═════ Entries provided ═════

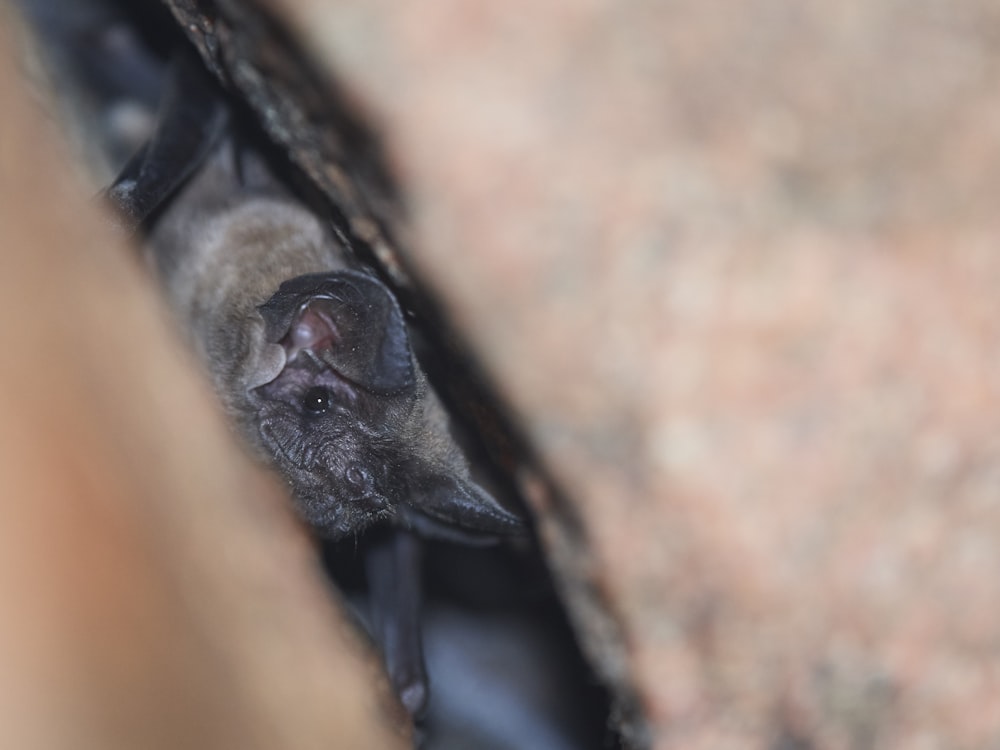 a close up of a bat on a rock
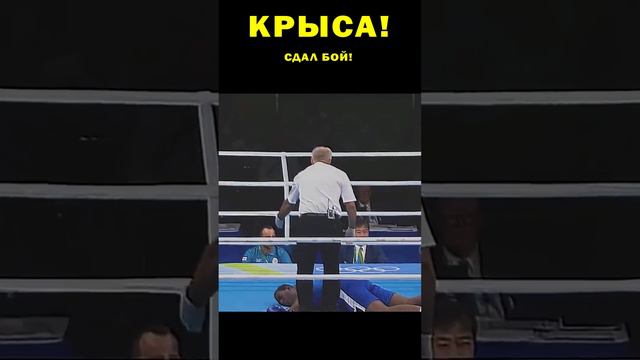 Актер больших и малых театров. Синий боксер разочаровал своих знакомых , тренера и отца.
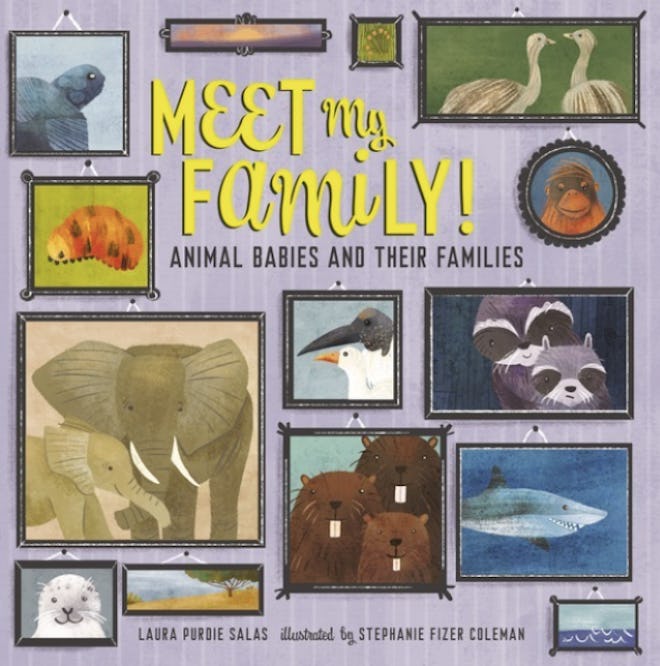 'Meet My Family! Animal Babies and Their Families' by Laura Purdie Salas and Stephanie Fizer Coleman...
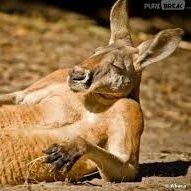 VerrireLaetiti1's profile picture. 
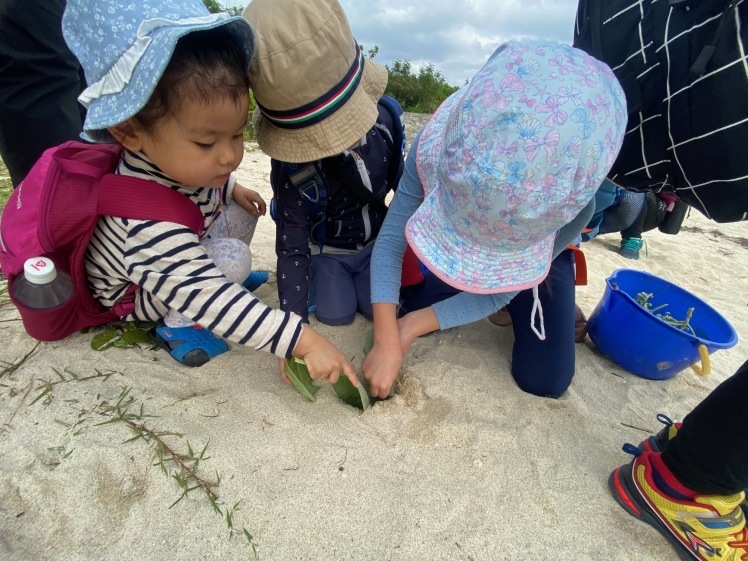 青空ようちえん〔平日〕公園を抜けていろいろな木の実や葉っぱで遊び、海辺ではウミガメにも出会った!(1/27) #中城村 #幼児_d0363878_19430314.jpg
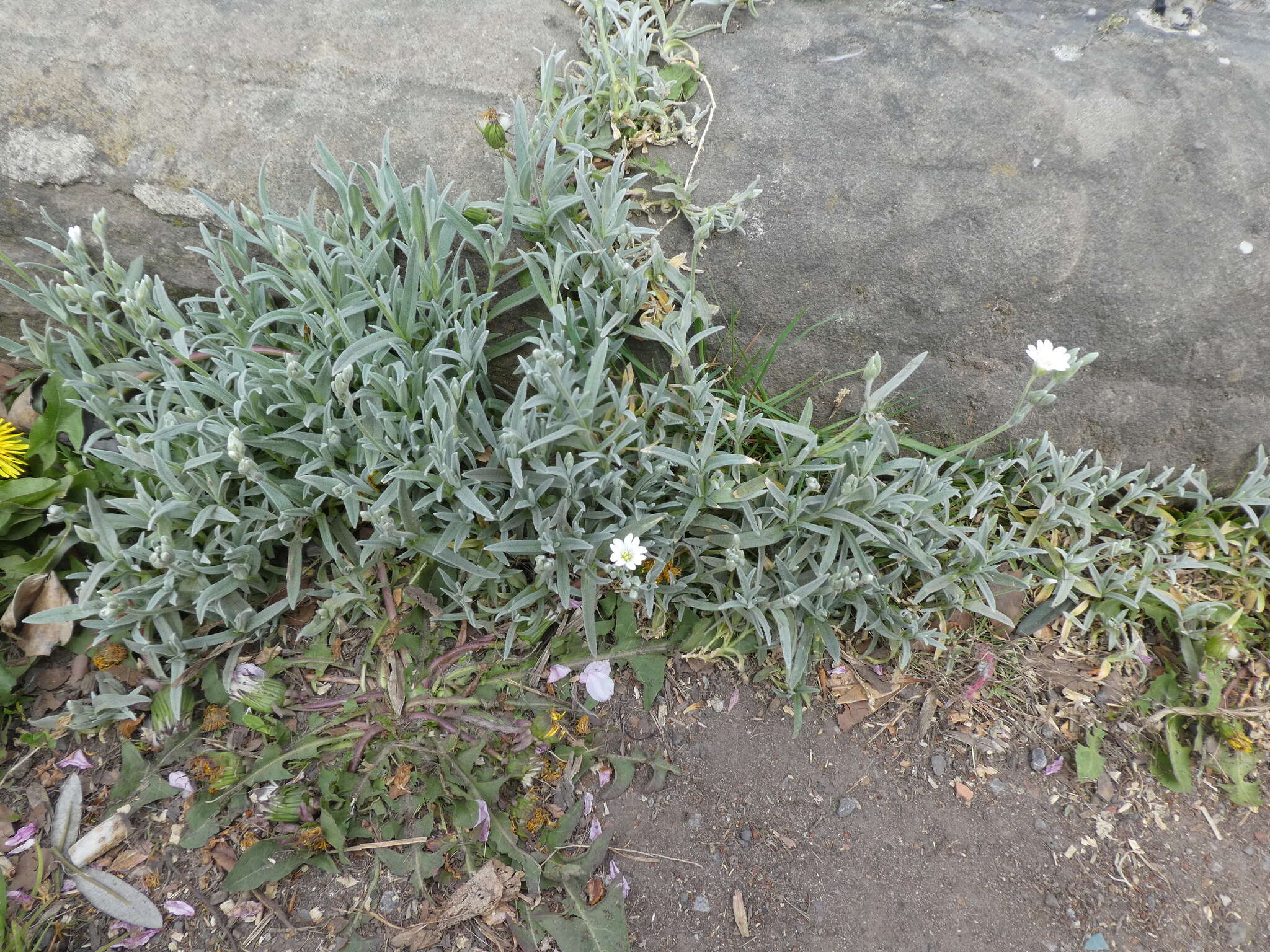 Image of Snow-in-summer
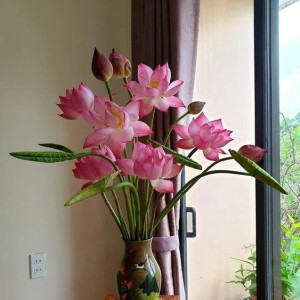 Cần người chăm bà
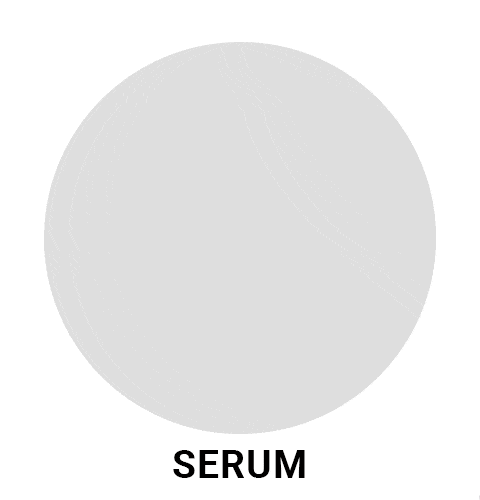 Makeup City Pakistan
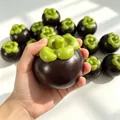 Realistisches Mangostan-Anti-Stress-Spielzeug in Lila und Grün zur Entspannung - Mangostan-Stil (Knusprige Block-Version) / Einzelverpackung / Lila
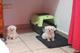 Cachorros malteses agradables y saludables di - Foto 1
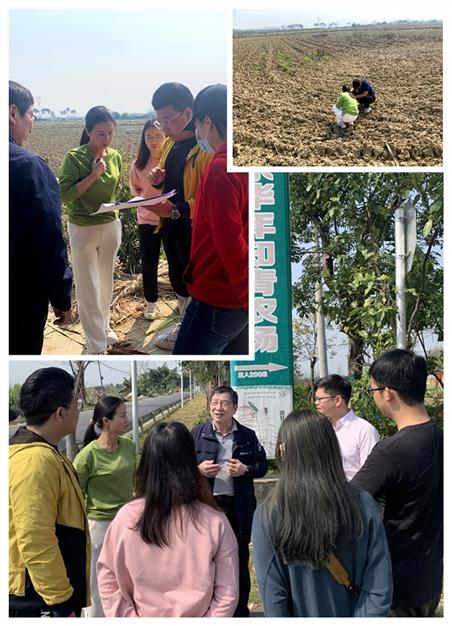 w66.����(�й���)_���������콢��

═════

Your instructions -
Copy exactly the part of the material above that opens with the line containing "Stephanie Fizer Coleman..." and closes with the line containing "Makeup City Pakistan", ends included. Drop the images.

Answer section -
 'Meet My Family! Animal Babies and Their Families' by Laura Purdie Salas and Stephanie Fizer Coleman...
 VerrireLaetiti1's profile picture. 
 青空ようちえん〔平日〕公園を抜けていろいろな木の実や葉っぱで遊び、海辺ではウミガメにも出会った!(1/27) #中城村 #幼児_d0363878_19430314.jpg
 Image of Snow-in-summer
 Cần người chăm bà
 Makeup City Pakistan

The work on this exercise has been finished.